February 13, 2011
|Miroslav Holub, 1923-1998|
Without a doubt my favourite scientist-poet, Miroslav Holub, was an immunologist by vocation and poet in his spare time. He considered his poetry very much a pastime but I personally find his work exceptional. I thought I would share my favourite poem with you.
To think I might have been dead,
he said to himself, ashamed, as if this were
a curse of the heart, raising a bundle of bones
to a man’s height. As if it were suddenly
forbidden to touch even words that had dropped to the ground.
Besides, he was afraid of finding
his body in a metal press.Embarrassing
down to the capillaries.
the tram stood jammed above him
like an icebreaker’s prow and all that was left of the car
was a grotesque pretzel with a chunk bitten off
by the dentures of a demented angel.
Something dark was dripping on the rails,
and a strikingly pale wind was leafing
through a book still warm.
People were forming a circle and with deaf-mute
sympathy awaited the play’s catharsis,
like maggots emerging from
under the wings of a beheaded chicken.
From afar came the approaching wail of sirens,
congealing in the jinxed air-conditioning of that day
and that minute. Dewdrops were falling
on the back of the neck like remnants of
atmospheric dignity. Embarrassing down to the capillaries.
No, thank you, he said, I’ll wait;
for a silent film had started to run
without subtitles, without colour and without answers.
And what about the magnetic monopoles
escaping seconds after the Big Bang,
protons violating the irreversibility of the flow of time?
What about the giant molecular clouds
under the galaxy’s shoulders, conceiving
the embryos of stars?
What about the loneliness of the first genes
accumulating amino acids in shallow primeval pools
at the expense of entropic usurers?
What about the desiccated starfish
like proto-eagles’ talons dug into the bed
of a vanishing sea?
What about the mortal migrations of birds
observing the sun’s inclination
and the roar of sex hormones?
What about the caged half-crazed
orang-utan who vomits because
he has nothing else to do?
What about the mice which for a thousand years
have learned to sing and the frogs balancing
on one leg like the thigh
of a beauty queen from Mesopotamia?
What about poetry, an enterprise
so disorderly it twists the rulers
and increases the squint of school inspectors?
And what about the little girl
in the leukemia ward who, on the toilet,
tried to show what kind of moustache the kind doctor has,
but as her skinny sticks of hands let go of
the edge of the bowl, she falls in and so
tried again and again?
And what about the weak-kneed intellectual,
the professor who understood the approximate universe
but forgot the traffic rules?
No, thank you, he said to some uniform,
I don’t need anything. My papers are in my pocket
but I can’t reach there. And he tried
to smile a little at this embarrassment of complicated creation.

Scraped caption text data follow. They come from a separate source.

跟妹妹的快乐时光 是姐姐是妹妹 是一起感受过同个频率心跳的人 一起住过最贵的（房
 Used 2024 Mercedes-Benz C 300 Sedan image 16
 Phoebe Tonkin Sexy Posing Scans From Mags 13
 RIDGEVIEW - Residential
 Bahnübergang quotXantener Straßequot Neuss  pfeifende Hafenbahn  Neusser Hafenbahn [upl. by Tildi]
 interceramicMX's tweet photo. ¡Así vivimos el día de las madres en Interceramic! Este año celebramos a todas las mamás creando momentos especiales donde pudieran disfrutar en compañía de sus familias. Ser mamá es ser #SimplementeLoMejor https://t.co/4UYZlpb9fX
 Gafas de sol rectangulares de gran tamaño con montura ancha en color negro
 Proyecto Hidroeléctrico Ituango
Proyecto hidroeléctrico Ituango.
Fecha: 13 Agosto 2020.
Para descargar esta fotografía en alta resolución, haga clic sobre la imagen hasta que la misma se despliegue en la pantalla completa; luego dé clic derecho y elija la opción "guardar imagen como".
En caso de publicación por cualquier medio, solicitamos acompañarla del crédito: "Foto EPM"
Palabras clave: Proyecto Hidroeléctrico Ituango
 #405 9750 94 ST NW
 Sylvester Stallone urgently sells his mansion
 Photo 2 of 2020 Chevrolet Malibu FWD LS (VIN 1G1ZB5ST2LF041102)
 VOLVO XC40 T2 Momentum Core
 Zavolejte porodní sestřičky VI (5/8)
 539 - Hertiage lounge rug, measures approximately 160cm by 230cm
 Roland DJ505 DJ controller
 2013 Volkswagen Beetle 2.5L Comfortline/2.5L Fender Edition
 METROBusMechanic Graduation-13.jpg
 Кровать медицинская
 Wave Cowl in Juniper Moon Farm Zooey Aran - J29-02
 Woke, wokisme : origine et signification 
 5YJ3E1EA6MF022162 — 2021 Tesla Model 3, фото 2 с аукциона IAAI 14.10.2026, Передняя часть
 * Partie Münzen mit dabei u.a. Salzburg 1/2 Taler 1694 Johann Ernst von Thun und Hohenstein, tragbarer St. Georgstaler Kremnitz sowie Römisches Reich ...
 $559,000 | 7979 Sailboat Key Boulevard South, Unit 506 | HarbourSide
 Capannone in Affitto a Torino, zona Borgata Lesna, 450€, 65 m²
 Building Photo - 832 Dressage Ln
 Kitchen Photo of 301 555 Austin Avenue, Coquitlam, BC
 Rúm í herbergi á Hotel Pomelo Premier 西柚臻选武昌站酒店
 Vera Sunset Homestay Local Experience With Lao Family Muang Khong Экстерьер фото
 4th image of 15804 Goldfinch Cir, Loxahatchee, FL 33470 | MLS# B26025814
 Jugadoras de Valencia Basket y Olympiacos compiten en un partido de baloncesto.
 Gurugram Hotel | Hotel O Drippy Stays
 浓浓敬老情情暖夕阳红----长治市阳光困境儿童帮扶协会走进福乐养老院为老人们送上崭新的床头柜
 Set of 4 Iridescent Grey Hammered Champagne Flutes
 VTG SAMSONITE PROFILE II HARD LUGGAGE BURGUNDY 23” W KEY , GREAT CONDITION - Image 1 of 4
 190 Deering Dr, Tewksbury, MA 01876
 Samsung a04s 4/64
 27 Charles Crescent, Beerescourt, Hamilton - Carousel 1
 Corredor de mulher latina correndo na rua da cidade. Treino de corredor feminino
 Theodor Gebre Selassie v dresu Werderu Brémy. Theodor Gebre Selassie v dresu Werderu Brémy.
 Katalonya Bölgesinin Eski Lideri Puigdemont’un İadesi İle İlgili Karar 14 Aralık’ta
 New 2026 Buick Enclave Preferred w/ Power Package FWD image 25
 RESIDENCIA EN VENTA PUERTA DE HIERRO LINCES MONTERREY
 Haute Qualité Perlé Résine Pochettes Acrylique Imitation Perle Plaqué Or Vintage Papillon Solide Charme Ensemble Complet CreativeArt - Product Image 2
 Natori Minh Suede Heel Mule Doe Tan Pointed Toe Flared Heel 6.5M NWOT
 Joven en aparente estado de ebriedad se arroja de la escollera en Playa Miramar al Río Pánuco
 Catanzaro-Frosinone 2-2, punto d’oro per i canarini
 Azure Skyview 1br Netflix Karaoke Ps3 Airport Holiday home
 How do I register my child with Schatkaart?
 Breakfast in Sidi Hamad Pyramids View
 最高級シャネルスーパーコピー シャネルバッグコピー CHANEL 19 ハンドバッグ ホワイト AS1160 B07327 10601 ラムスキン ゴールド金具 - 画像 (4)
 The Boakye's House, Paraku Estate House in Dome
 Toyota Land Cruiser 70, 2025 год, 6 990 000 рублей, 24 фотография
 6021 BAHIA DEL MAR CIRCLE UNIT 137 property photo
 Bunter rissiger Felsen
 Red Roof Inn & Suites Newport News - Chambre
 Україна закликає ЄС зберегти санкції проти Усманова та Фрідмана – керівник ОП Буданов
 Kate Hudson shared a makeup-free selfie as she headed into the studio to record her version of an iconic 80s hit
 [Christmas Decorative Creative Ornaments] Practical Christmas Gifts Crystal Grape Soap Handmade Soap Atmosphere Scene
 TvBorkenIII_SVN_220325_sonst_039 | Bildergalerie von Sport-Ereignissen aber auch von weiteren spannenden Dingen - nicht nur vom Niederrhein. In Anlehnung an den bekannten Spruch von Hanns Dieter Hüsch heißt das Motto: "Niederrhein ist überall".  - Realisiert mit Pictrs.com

It’s all my fault, he said,
And then he died.
By Miroslav Holub
Another of my favourites is Interferon but it’s a weighty tome and this isn’t the place to showcase it, however, if you like this little taster of his work I am in no doubt you would enjoy his translations, a particular favourite of mine is the book Poems Before and After: Collected English Translations, it is insanely brilliant.
While we’re at it, and if you do nothing else after reading this, may I please recommend you check out Brief Thoughts on Cracks and if you don’t like his work after that then I give up my case, please continue you with your day.